··· Supplied information ···
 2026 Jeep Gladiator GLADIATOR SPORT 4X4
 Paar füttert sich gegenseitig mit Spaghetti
···
··· Supplied information ···
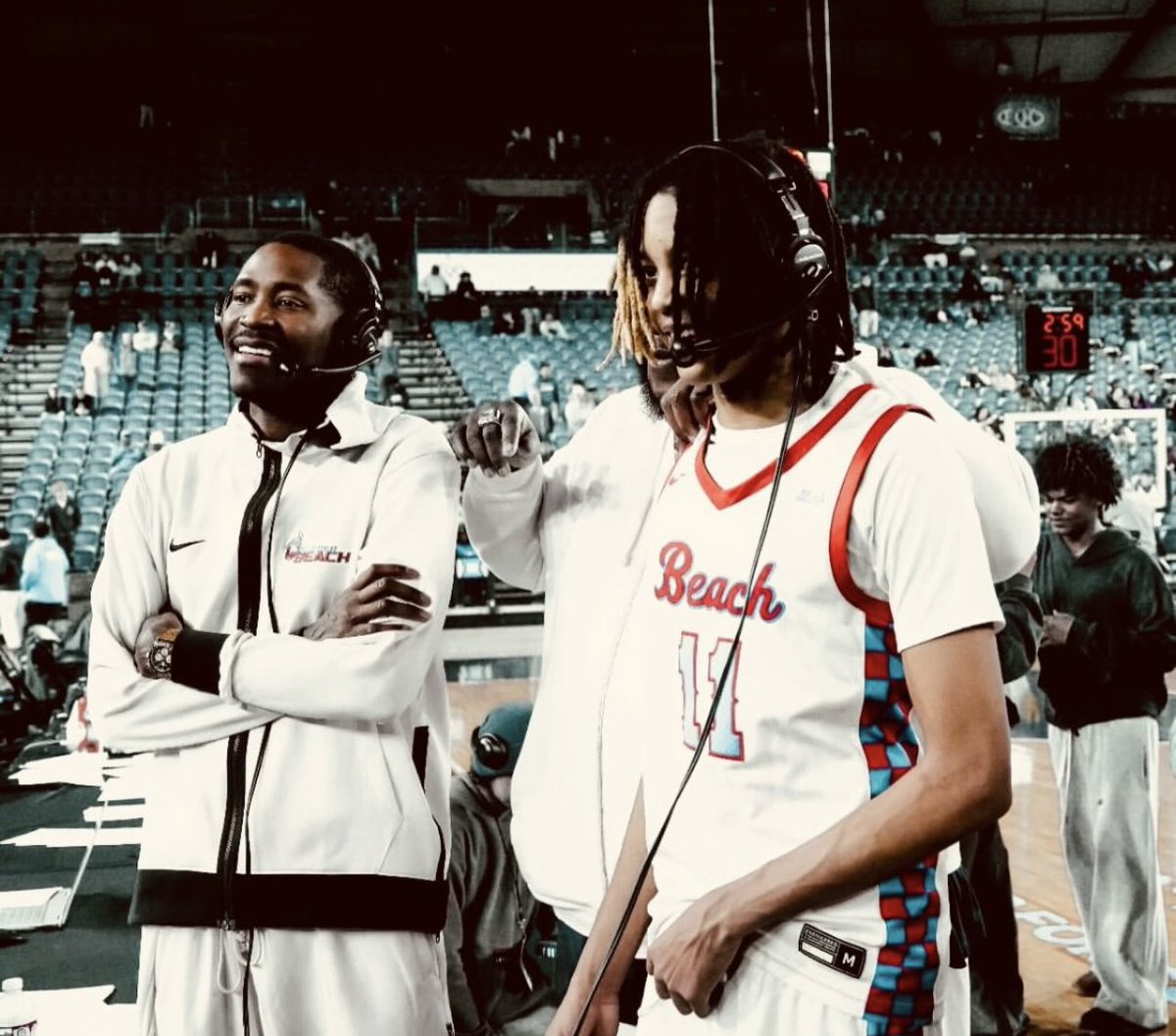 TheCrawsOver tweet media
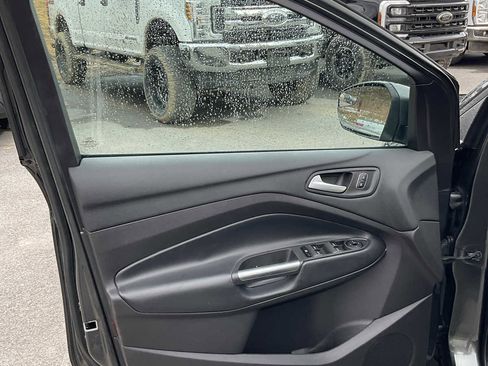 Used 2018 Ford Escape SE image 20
···
**Work to complete**
Exact duplication is required for the lines above, from the line that contains "2026 Jeep Gladiator GLADIATOR SPORT 4X4" to the line that contains "Paar füttert sich gegenseitig mit Spaghetti", inclusive; omit all others.

**Worked solution**
 2026 Jeep Gladiator GLADIATOR SPORT 4X4
 Paar füttert sich gegenseitig mit Spaghetti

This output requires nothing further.